Exercise is good! There is no doubt to that statement. Can one do too much? Absolutely! In times when one is feeling too good or just being stupid, too much exercise can and will become counterproductive to the original course. But how much is too much and what about all this rhetoric about pushing it to the limits? Do you need to always keep the pedal to the metal so to speak when it comes to exercise or is there a happy medium?
When To Push
In my many years of being a fitness professional, I’m convinced that many have no idea what it means to increase their exercise intensity let alone understand what that means. In simple terms, intensity is simply a term used to describe how hard you’re working. It can be measured subjectively (“Man that kicked my ass!”) to being measured objectively (heart rate, time of rest periods, watts, etc.).
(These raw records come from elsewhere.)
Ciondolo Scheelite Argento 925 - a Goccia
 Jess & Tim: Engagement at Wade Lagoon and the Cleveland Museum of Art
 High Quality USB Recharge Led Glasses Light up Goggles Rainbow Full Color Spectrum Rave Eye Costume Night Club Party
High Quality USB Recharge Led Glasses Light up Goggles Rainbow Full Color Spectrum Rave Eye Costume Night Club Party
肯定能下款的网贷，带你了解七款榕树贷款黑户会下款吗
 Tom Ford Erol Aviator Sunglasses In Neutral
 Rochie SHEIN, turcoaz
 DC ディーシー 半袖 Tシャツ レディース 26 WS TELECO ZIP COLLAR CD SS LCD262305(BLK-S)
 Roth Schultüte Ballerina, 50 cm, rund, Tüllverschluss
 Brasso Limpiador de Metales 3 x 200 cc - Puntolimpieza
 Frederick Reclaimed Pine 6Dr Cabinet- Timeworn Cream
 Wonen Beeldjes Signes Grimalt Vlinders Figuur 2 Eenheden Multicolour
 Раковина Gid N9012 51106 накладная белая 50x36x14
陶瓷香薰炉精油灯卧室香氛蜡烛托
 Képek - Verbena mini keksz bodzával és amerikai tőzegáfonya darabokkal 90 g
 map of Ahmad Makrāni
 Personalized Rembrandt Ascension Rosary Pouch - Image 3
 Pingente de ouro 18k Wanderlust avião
What matters most about intensity is that if you’re someone who exercises regularly expecting some sort of result, you need to have an objective measure of intensity. Whether it’s for health reasons, aesthetics, or performance, at some point you have to push beyond the “comfort zone”, a term used to describe where most find solace in their exercise routine. The issue with “comfort zones” is that nothing happens there. The individual who exercises by just going through the motions falls into this category. Some would say something is better than nothing and while that is only mildly true, most who exercise do have a goal or agenda that will yield something. Going through the motions and not pushing a little more effort is going to yield zero to minimal results. So how much do you push and when do you do it? First, establish a goal. Why do you exercise? Next, establish what it is you wish to accomplish through exercise. Be leaner? Decrease blood pressure? Be stronger? Run faster? Third, determine that your exercise needs are met by the exercises you choose to engage. Once you have established all three, then you can look at how to push and increase your intensity. Maybe it’s five more minutes on the treadmill at a slightly higher speed. Or it’s an increase in reps of a strength training exercise. Or it’s a decrease in time with more work being done. There are simply thousands of ways to push it but it has to be objective and measurable. Then you can truly track and see progress.
When Not To Push
Aside from the obvious, exercising through pain is never a good thing. Pain is your body’s signal that something’s not quite right. But I will also warn you that muscle soreness and pain are not one in the same. How do you know? Well, experience will tell you a lot but most times the complete range of motion of a muscle is not completely inhibited. Being sick is also a good sign to not push it as not all sicknesses require a cessation in an exercise program. There are going to be days that are harder than others and that’s to be expected. Listening to your body is a skill that gets perfected over time – knowing when to take it easy or a day off. When you start to think of every little thing to “skip” or “delay” a workout, chances are good that although the intentions were good initially, they quickly became lost and excuse making becomes the norm. Exercise is a stress; a stress that evolves and adapts. If you don’t evolve, the impact, the positive effect of exercise, becomes lost.